*** Block opens ***
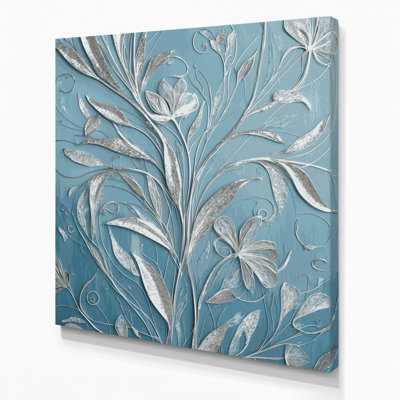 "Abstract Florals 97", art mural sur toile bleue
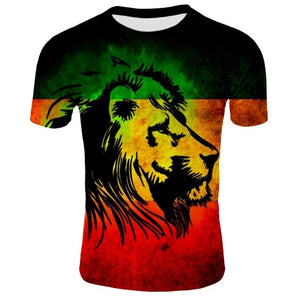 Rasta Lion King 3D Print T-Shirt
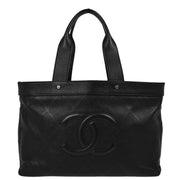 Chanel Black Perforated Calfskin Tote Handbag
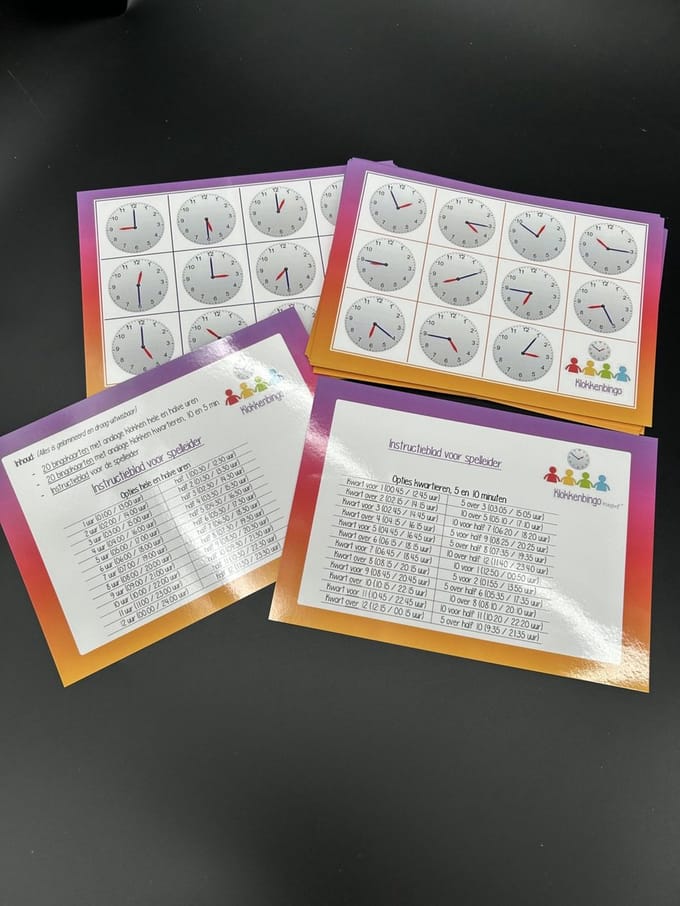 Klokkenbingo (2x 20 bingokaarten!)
*** Block closes ***
*** Block opens ***
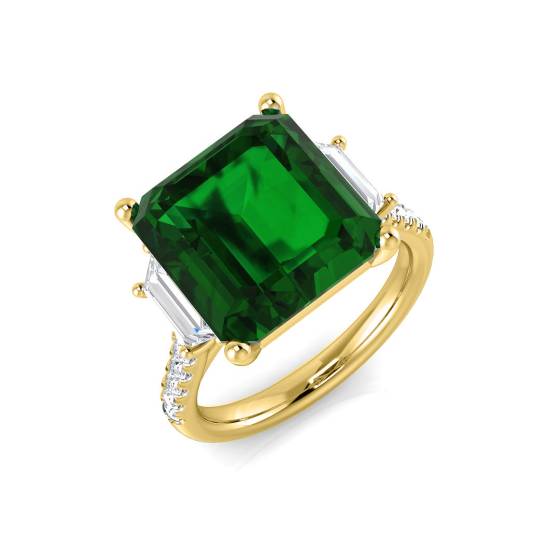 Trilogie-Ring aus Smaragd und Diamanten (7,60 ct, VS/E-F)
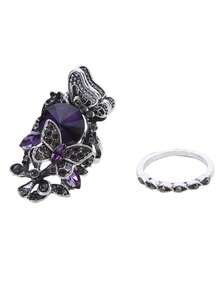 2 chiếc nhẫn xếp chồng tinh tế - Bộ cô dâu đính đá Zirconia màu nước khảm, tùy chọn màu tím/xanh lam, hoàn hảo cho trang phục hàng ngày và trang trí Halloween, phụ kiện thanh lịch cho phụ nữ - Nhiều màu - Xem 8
*** Block closes ***
Assignment:
Please repeat, exactly as written, the lines in the records above, starting with the one that has "sur toile bleue" and going on through the one that has "Klokkenbingo (2x 20 bingokaarten!)". Pictures are to be left out.

Exercise answer:
 "Abstract Florals 97", art mural sur toile bleue
 Rasta Lion King 3D Print T-Shirt
 Chanel Black Perforated Calfskin Tote Handbag
 Klokkenbingo (2x 20 bingokaarten!)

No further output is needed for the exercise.